Mary Jane Layton Lippert put her passion about history and genealogy to use as an active member of the Locust Valley Historical Society for three decades. Credit: Joan Lippert Indig

As a descendant of one of the oldest families in the Oyster Bay area, Mary Jane Layton Lippert was passionate about history and genealogy. And she put that interest to use as an active member of the Locust Valley Historical Society for three decades.

Lippert, whose Layton ancestors settled on the North Shore of what is now Nassau County in the 1700s, died March 9 at age 99 in Lanham, Maryland, in the cottage built for her on the property of her younger daughter Susan and son-in-law Harold Trapkin.

"She was very proud of her heritage with her family settling early on the North Shore," said Herb Schierhorst, president of the Locust Valley Historical Society, which Lippert served as secretary for many years.

"She was a Renaissance woman," Schierhorst said. "She was an artist. She made maps and hand-colored them. She made sketches of historical buildings.

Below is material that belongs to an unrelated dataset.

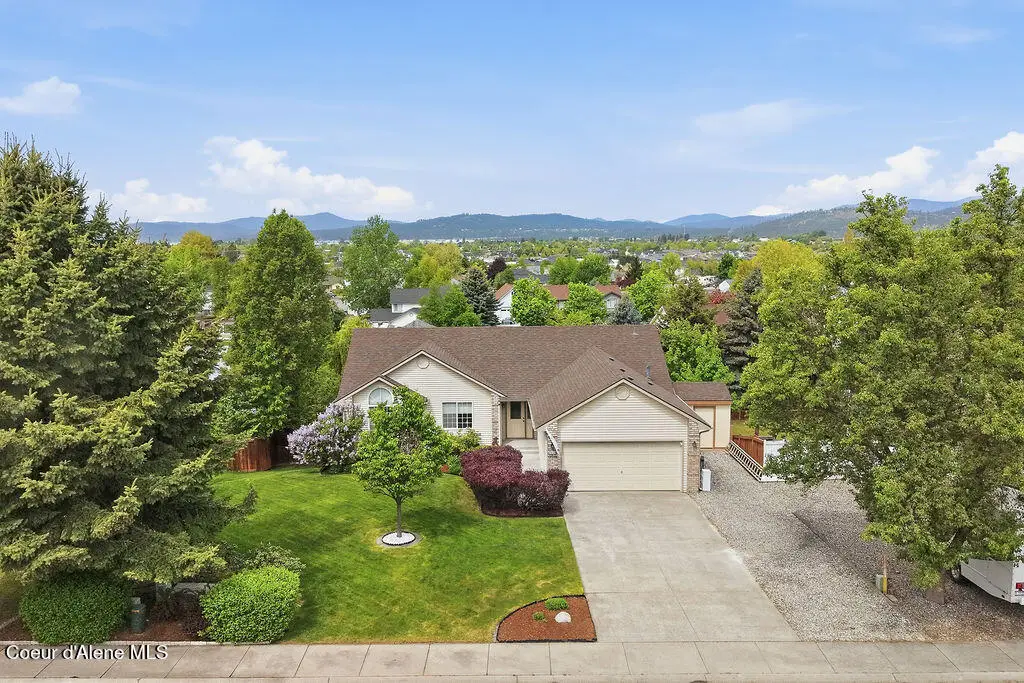 2413 N Stagecoach DR, Post Falls, ID 83854 - #1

She would dig in an old bottle dump adjacent to her property and bring the bottles into the historical society. She was a tough lady."

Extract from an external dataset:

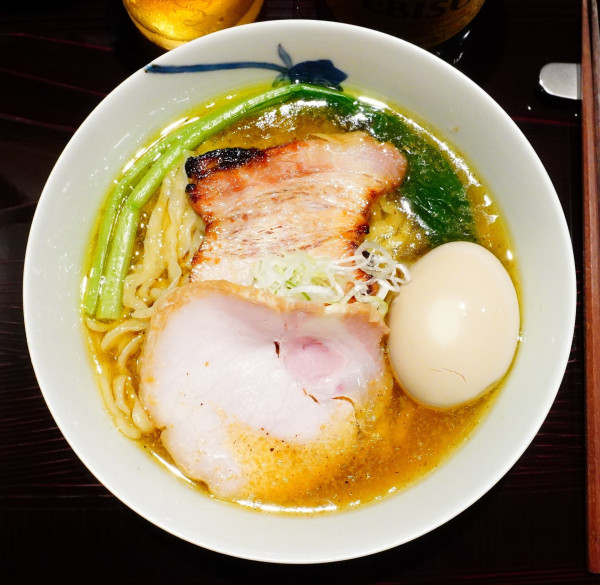 「塩（中太手もみ麺）＋味玉＋エビスビール」@麺 みつヰの写真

Lippert, born July 14, 1925, was the second child of Gertrude and Peter N. Layton Jr. of Oyster Bay. Her father was a boatbuilder whose shop building near Oyster Bay Harbor on South Street is now used by the Oakcliff Sailing Center. He built rowboats, duckboats, clam boats, and most importantly, sailboats.

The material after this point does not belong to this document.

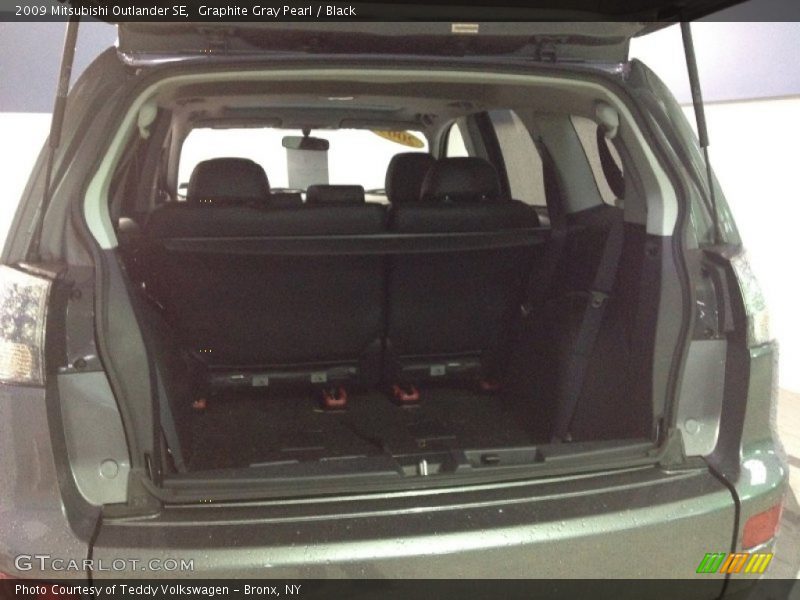 Graphite Gray Pearl / Black 2009 Mitsubishi Outlander SE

She spent many happy days sailing in the harbor in a boat her father had built.

"I learned to sail in the same boat," daughter Joan Indig said. "His boats were built to last."

"She grew up during the Great Depression, which had a long-lasting effect on her life," Susan Trapkin said of her mother. "When the sole of her shoe wore out, her mother would put cardboard inside the shoe to cover the hole. When the stitching wore out, they tied the shoe together with string. She was always frugal and never wasted anything."

When Mary Jane Layton graduated from Oyster Bay High School in 1943, her mother told her she had two career choices: librarian or teacher. She chose teacher and graduated cum laude from what was then known as Cortland State Teachers College in 1947. She taught primary school for several years in Bayville and upstate New York.

It was her love of sailing that led to her long and happy marriage. At the Bayville Boat Club, she met Joseph Lippert Jr. of Locust Valley, an aeronautical engineer at Grumman Aircraft in Bethpage. They were married on June 18, l949, and had two daughters, Joan in 1951 and Susan in l955. Her husband, an inveterate tinkerer who loved working on his classic Corvette that he bought new in 1959, died in 1999 at age 79. She relocated to Maryland in 2015 to live closer to daughter Susan.

"She was a quiet person and claimed to be shy, but her intelligence was not to be underestimated," said Indig. Those who knew Lippert described her as devoted to her family and one of the most positive and supportive people they had ever met.

"She was incredibly kind, caring, fun, loving, cheerful, supportive, and the best mother you could ever want," Trapkin said.

Lippert was a Girl Scout leader and Sunday school teacher who enjoyed gardening, calligraphy and sewing. She made many beautiful hand-hooked rugs.

Besides Joan and her husband Ben Indig of upstate Hastings-on-Hudson, and Susan and husband Harold Trapkin, Lippert is survived by four grandsons, six great-grandchildren, and 10 nieces and nephews.

A private service followed by burial at Brookville Cemetery will take place at a later date. In lieu of flowers, the family asked that donations be made to the Locust Valley Historical Society.